Metadata repository
A metadata repository is a data store for metadata. It is the aggregation of a wide range of metadata from across your agency.
Bringing your individual repositories together to develop a central repository of metadata can be beneficial. It allows consumers to look across all of your agency's available information from one point.
TIP: technologies such as ETL have their own metadata repository. Don't forget to integrate these when creating a central repository.
Metadata harvesting
Metadata harvesting tools and protocols can assist agencies in indexing large batches of metadata records.
Metadata harvesting uses automated tools to collect metadata descriptions from diverse sources such as catalogues, websites and other repositories. The Open Archives Initiative protocol for Metadata Harvesting (OAI-PMH) is an example of a protocol or Application Programming Interface (API) for harvesting data. It supports aggregating data from multiple sources into one collection.
Metadata for publication and exchange
Your agency can enhance metadata management to support publication and exchange of data by:
- implementing centralised metadata repositories
- updating metadata files to align with standards used at other agencies.
Many approaches to designing and implementing metadata exchange across your agency are available. Metadata architecture can be planned so that it facilitates this exchange. Consult with your internal specialists to determine which solutions work best for your agency.

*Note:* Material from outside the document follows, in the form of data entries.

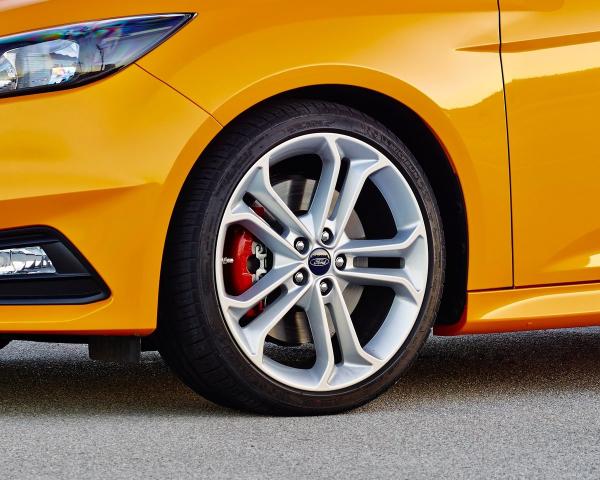 Фото Ford Focus ST III Рестайлинг Хэтчбек 5 дв.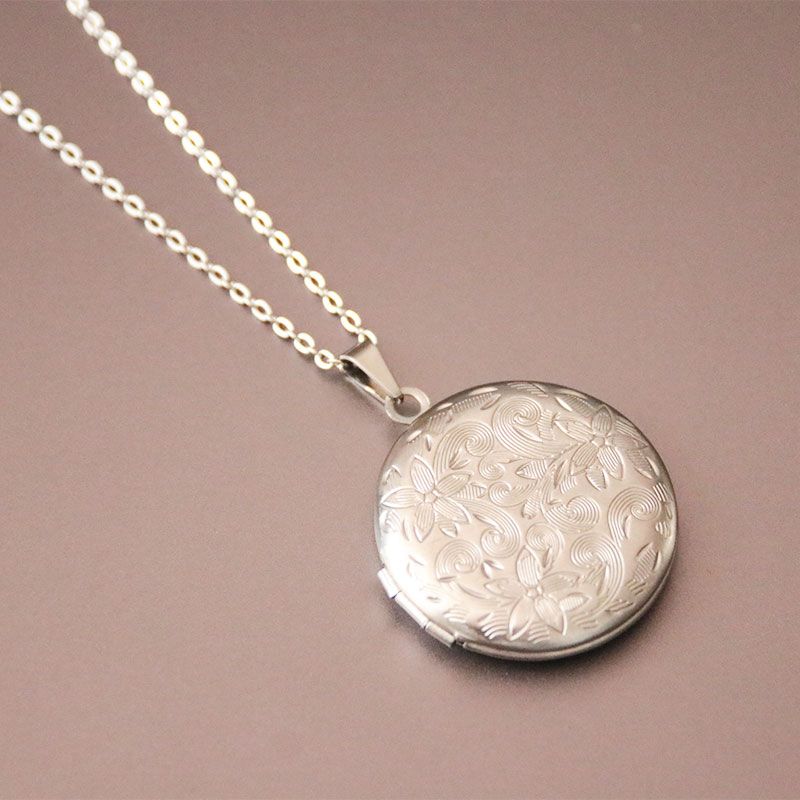 wholesale new carved flower designs round photo frame pendant necklace stainless steel charms locket necklaces women men fashion memorial jewelry charms for bracelets mom pendant necklace from everfast2016 5 03 dhgate com dhgate com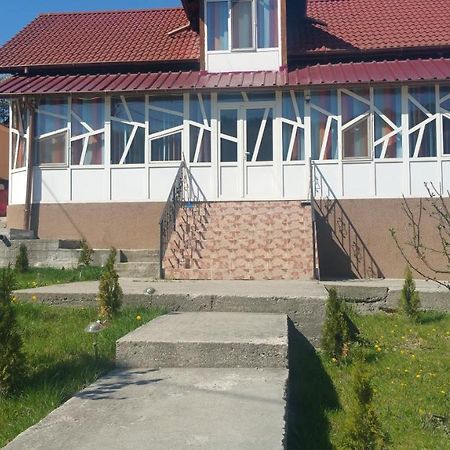 Casele Lena Bed and Breakfast Aldesti  Exterior foto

Common architectural approaches include:
-
Centralised metadata architecture
This involves copying metadata information from other applications and replicating it in a centralised repository. Users can perform global searches through a single application.
- Strengths:
- metadata information is accessed from one point
- opportunity for improving metadata quality by aggregating and transforming metadata sources into one standard
- prompt query retrieval
- manual metadata entry is possible.
- Limitations:
- complex maintenance and version control
- challenging tasks such as rapid replication or synchronisation of metadata
- custom code may be required to integrate metadata into the centralised repository's schema.
-
Distributed metadata architecture
This consists of an application that retrieves data from source metadata in real-time, when a user requests information. There is no centralised repository. The intermediary application uses source catalogues to determine which repository to request information from.
- Strengths:
- no maintenance or version control required as the metadata is from the source
- processing is reduced as there is no metadata replication and queries are distributed among different sources.
- Limitations:
- metadata sources may not adhere to the same standards. Custom code may be required to retrieve the different metadata structures
- capture of additional metadata from external repositories can be difficult.
-
Hybrid metadata architecture
This uses a combination of centralised and distributed metadata architecture. It provides both real-time access and allows manual entry of metadata.
- Strengths:
- metadata information is accessed from one point in real-time
- metadata can be added to the repository
- manual metadata entry is possible
- by adding metadata you can implement version control
- metadata quality can be improved by users.
- Limitations:
- dependent on source metadata repositories being available.